The Preve’s 1.6 litre turbo engine roared incessantly, and at one point I could’ve sworn I saw the speedometer needle swing past 100 km/h. But still Admi told me to keep going. The marshal was getting uncomfortably close; surely it was time to hit the brakes.
Finally, Admi gave the instruction, and I slammed on the brakes. The marshal swung up his right flag, so I flicked the steering wheel left, then right, grinding to a stop next to him. A sigh of relief left my lips.
Admi said I lifted off the brakes slightly while waiting for the marshal to indicate where to steer, so the next time around I made sure I left no air under the brake pedal. Unfortunately, while doing so I completely forgot to wait for the marshal’s signal, instead steering immediately in the direction I had taken earlier. Just when I realised what I did wrong, the marshal raised a flag in the opposite direction. Uh oh.
Still, Admi did say I braked very quickly after he instructed me to, so I guess it wasn’t all that bad.
With the skies starting to open up, we figured it was time to head home, but the instructors had other ideas. Instead, we were pitted against each other in a no-holds-barred time attack session in an ABS-equipped Suprima that combined all the tests together in a single, highly technical course.
Starting with the tighter slalom course, we would then cross over to a more spaced-out series of left-right-left gates, then attempt the brake avoidance test. Once we’d come to a complete stop, we would set off again, heading around to the threshold braking area, where we’d have to stop within a marked-out box. Three-second penalty for hitting a cone or missing a gate, five for stopping outside the braking area.
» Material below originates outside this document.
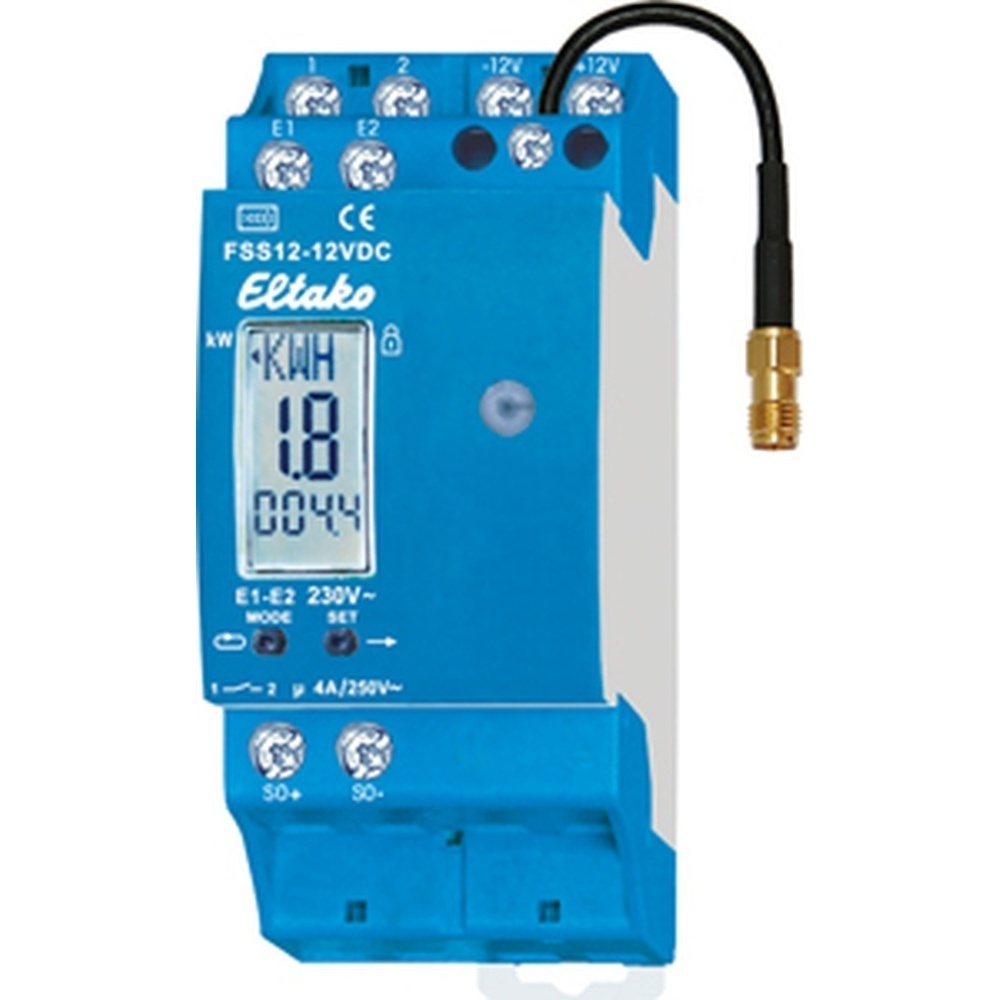 ELTAKO Funk Stromzähler Sendemodul 30100600 Typ FSS12-12V DC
My run took place when the rain was already starting to build up. Despite the treacherous conditions, the Suprima’s stable, balanced and predictable handling shone through, taking on the course with aplomb. I also felt that I had driven much better, and felt confident that I was going to set a decent time, right up until I finished my run and Admi told me that I had missed a gate.
In the end, I came in 15th. That didn’t look so bad considering that there were about 40 other participants, but then I realised that quite a lot of them were driving in even worse conditions and I sank back into my seat. Then again, without the skills that I have learnt from these revered instructors, I would have probably fared much, much worse.
So, should you join this course? You definitely should, especially if you have never done such a programme before. The tips and tricks taught here are invaluable and will make you a better driver not only on the track, but also on the open road. The fact that it’s so affordable relative to other courses only seals the deal. And if you’re left wanting more, don’t fret – more advanced courses are currently in the pipeline.
If you do want to take this programme on, better hurry – the next event is happening from June 21 to 22. To register or to learn more about the Proton R3 Motorsport Driving Experience, email firstname.lastname@example.org or call 03-80269400 or 03-80745888.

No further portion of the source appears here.